Q: You’re not just about perfumes… What do you offer for linens and house scents, soaps, etc.? How popular are these?
The brand is divided into two lines, Fine Fragrances (our perfumes) and Botanical Integrity which is our living and lifestyle line. These lines are constructed differently, our botanical integrity lines are created to enhance and enrich the living surroundings and everyday behaviours of our clients. Our Botanical Integrity line has become incredibly popular, with our soaps consistently selling out, as well as our candles and incense coming in at a quick third. Our soaps, known as our Shard Collection, as their shapes have been inspired by boulders fallen from the mountain, strung onto silken rope to be shaped by your body; our linen scent, Chela Nights, particularly purposed for sleep, created with research into neurological effects of different oils and how they assist the body to ease into rest. Our candles Fire On the Mountain, Some Serious Juju and Expedition to Botany Bay, each tell a story of a place. Their fragrances are also found in our soaps and incense lines. Lastly, as previously mentioned, our incense lines are created with zero synthetic fragrances or burning aids, only using the finest Frankincense powder and ground Sandalwood. You escape into the world of Anno Domini – echos of ancient Cathedrals, their marble and granite worn by time. Expedition To Botany Bay, a Eucalyptus incense inspired not by the sharp camphor scent of fresh eucalyptus oil, but the soft warm and lightly wooded fragrance which eucalyptus holds in the heat or when the leaves of bunches have dried, evoking summer winds and sun-kissed skin.
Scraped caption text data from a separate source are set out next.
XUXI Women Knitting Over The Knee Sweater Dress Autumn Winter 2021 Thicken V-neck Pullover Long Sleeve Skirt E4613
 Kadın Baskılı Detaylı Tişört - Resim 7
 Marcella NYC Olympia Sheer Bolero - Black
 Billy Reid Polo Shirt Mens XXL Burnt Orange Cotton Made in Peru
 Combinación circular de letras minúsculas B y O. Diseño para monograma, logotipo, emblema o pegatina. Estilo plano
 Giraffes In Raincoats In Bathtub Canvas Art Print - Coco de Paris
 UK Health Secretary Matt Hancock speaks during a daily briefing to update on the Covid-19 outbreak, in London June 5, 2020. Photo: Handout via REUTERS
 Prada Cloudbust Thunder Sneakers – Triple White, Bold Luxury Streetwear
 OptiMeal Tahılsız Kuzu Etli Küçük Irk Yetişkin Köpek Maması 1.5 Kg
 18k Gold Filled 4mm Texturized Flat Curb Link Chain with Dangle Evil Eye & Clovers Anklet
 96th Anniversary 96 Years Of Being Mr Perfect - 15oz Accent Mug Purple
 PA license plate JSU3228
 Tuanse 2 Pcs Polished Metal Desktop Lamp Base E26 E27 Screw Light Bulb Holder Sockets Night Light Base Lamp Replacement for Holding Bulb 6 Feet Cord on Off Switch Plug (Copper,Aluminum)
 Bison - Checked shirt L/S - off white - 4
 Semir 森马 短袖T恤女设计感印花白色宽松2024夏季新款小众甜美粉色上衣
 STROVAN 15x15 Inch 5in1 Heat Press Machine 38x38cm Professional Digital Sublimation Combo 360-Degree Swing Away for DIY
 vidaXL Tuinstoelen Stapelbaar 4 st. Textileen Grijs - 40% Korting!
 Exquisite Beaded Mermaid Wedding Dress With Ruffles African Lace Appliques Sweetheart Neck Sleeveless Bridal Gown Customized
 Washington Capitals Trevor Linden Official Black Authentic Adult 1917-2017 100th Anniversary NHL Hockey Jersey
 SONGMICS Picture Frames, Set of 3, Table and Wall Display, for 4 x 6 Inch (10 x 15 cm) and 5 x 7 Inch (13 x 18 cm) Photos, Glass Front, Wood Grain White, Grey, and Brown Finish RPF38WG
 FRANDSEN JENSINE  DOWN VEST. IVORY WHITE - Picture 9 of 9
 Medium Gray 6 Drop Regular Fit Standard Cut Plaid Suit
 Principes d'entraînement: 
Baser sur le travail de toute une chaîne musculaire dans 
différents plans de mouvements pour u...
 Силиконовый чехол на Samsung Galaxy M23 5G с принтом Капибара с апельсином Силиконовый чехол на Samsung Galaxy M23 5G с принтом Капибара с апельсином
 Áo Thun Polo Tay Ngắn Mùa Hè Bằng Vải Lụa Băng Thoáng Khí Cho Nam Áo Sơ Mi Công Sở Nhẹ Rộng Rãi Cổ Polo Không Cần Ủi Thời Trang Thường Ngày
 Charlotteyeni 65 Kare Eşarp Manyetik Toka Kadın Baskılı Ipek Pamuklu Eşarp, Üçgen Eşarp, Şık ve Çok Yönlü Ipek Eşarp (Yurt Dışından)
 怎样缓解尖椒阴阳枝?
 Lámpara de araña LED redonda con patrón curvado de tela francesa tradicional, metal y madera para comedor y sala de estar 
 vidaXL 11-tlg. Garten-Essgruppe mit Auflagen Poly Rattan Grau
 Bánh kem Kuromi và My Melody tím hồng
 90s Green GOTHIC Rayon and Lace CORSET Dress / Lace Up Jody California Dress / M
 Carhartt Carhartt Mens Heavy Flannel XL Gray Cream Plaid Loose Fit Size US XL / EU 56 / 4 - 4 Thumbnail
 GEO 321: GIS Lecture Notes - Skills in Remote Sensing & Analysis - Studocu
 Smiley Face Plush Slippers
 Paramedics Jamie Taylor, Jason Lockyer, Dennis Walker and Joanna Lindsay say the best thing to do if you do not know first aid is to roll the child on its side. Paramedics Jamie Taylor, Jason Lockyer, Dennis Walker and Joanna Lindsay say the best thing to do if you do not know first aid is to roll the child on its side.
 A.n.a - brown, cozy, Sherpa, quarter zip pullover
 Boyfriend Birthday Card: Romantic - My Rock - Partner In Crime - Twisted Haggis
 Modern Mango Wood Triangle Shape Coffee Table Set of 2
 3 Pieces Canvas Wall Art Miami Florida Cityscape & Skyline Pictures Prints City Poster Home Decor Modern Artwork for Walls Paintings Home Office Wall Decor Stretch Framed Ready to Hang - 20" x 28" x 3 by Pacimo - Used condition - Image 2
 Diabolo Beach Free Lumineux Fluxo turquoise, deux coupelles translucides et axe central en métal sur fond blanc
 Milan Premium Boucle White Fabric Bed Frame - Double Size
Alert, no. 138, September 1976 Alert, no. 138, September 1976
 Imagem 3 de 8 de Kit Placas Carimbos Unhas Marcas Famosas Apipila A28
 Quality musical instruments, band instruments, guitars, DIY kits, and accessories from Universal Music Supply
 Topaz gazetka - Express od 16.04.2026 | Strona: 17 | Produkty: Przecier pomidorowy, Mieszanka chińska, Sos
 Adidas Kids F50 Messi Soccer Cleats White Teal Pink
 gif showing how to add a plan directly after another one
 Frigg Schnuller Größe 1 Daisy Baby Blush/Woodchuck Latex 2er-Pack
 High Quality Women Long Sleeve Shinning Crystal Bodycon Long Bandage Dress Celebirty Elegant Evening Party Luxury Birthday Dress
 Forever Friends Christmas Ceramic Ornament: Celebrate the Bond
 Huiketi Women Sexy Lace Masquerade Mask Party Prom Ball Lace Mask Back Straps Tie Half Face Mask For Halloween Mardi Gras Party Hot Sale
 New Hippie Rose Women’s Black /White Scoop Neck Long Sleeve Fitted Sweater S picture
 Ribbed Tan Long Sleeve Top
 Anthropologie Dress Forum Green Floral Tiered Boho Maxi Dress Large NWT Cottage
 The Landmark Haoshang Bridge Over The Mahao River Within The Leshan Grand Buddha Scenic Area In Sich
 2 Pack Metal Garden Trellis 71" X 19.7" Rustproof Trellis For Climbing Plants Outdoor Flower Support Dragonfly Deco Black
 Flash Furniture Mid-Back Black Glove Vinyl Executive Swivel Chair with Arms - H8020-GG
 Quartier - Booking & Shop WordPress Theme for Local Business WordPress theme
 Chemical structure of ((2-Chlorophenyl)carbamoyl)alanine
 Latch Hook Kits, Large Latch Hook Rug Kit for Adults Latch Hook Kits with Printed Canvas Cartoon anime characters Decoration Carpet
Q: What makes Extrait de Parfum different from Eau de Parfum?
The differentiation between all perfume subheaders, cologne, eau de toilette, eau de parfum, and those you have mentioned, is the percentage of perfume oil which is contained within your bottle. Eau de parfum is 15-20% aromatic oil, Parfum or Extrait de Parfum is from 15-40%. The large percentage gap in the EXP is due to the types of aromatics being utilised in the fragrance. If the scent is constructed with a large array of very bold and lasting notes, then the lower percentage is utilised as a higher value. It will not necessarily be beneficial, it could in fact destroy the experience and longevity of the scent (each aromatic carries its own unique behavioural characteristics) where when working with lighter aromatics, such as citrus and soft greens or certain florals, the percentage will lean to a higher side to ensure that the full behaviour and spectrum of those notes are present for the desired longevity created for the fragrance.
Q: What can we expect to see next from this gorgeous brand?
I’m incredibly excited to be launching three new fragrances soon, which have been a few years in the making. Travels across the African continent, from sea to valley to never ending desert, as well as a new series of fragranced interior pieces created to celebrate the Art of Scent in the home. We have just launched our latest series of candles, created as the iconic look for the brand, 0.5kg of perfumed hand-poured wax in original artisan made porcelain vessels, which embodies the history, aesthetic and elegance of the brand, each of which have been mastercrafted in South Africa. My aim is to showcase our consistent and elegant products that can easily stand beside their international counterparts and give voice to the unique and exclusive botanics we have access to on our continent.